Make it learn. First 2/5th's of the game should be easy, and that's a big
piece of the problem.
locally defined terms:
swath == x by y sequence of positions contained by at least two
empty positions, horizontally and vertically, on all sides,
and by at least one empty position diagonally. x>=3, y>=3,
x*y<=81. This is at Nikken Tobi, or Kogeima, or less
area == 4 by d+1 strip of positions, not limited by played stones in
any way. d is length of the side of the board. a 19x19 board
has 36 (?) areas - not too much to check
+ swaths can be operated upon largely independently. If it is found that
they cannot, they should be redefined to do so
+ swaths of different sizes can easily be considered, and should be,
particularly because the large swath histogram would take relatively
long to fill up. Look for largest swath first, than fall back on
successively smaller swaths
+ let empty be 0, black be 1, white be 2, edge piece be 3.
+ 2 bits per vertex is feasible, but packed formats are slow. 1 byte would
be faster.
+ 81 bytes for a single 9x9 swath isn't bad. However, 531K or 132K is highish
for an exhaustive mapping of all possibilities within a 9x9.
+ histograms should not be expected to become fully populated. Some moves
are illegal. Note that dumb moves would probably be represented, tho more
"slowly" than good moves.
+ in the sparse (one byte per) format, space required for a 100% populated
histogram is x^6 bytes, where "x" is the length of a swath's side. for
the sparse format, of course, that's (x^6)/4 bytes.
+ combining swaths may reduce to
+ random placements may be desirable for a while, at Least
+ some kind of basic "this is a legal move" checking should be added, if
nothing else just to get a good reality check into the histogram-driven
moves
+ consider digging up a ton of SGF files to do a histogram of "winning
swaths"
+ things that make a swath or area "good":
+ eventually, the game is won.

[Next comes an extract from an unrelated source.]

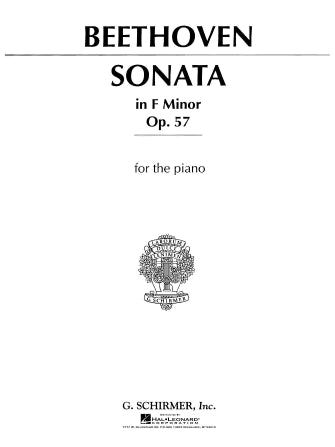 Beethoven, ed. von Bulow - Sonata in F Minor, Op. 57 (Appassionata) - Piano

This should deter overaggressive play.
+ a high number of the opponent's stones (defined by units that may
extend outside the swath) are captured from it
+ at the end of the game, a high number of empty spaces are bordered by
portions of this swath - partially or wholly. wholly might count for
more
+ swaths and areas may need different rules for what makes them "good"
+ this "good swath" things should probably be stored separately, so that
they can be weighted, and these weightings could be adjusted on the fly
+ stored swaths applied to swaths on-board count more than stored areas
applied to areas on-board
+ stored areas applied to unknown (or too large) on-board swaths count
more than stored swaths applied to same
+ functions for rotating swaths and areas are important. 0, 90, 180 and 270.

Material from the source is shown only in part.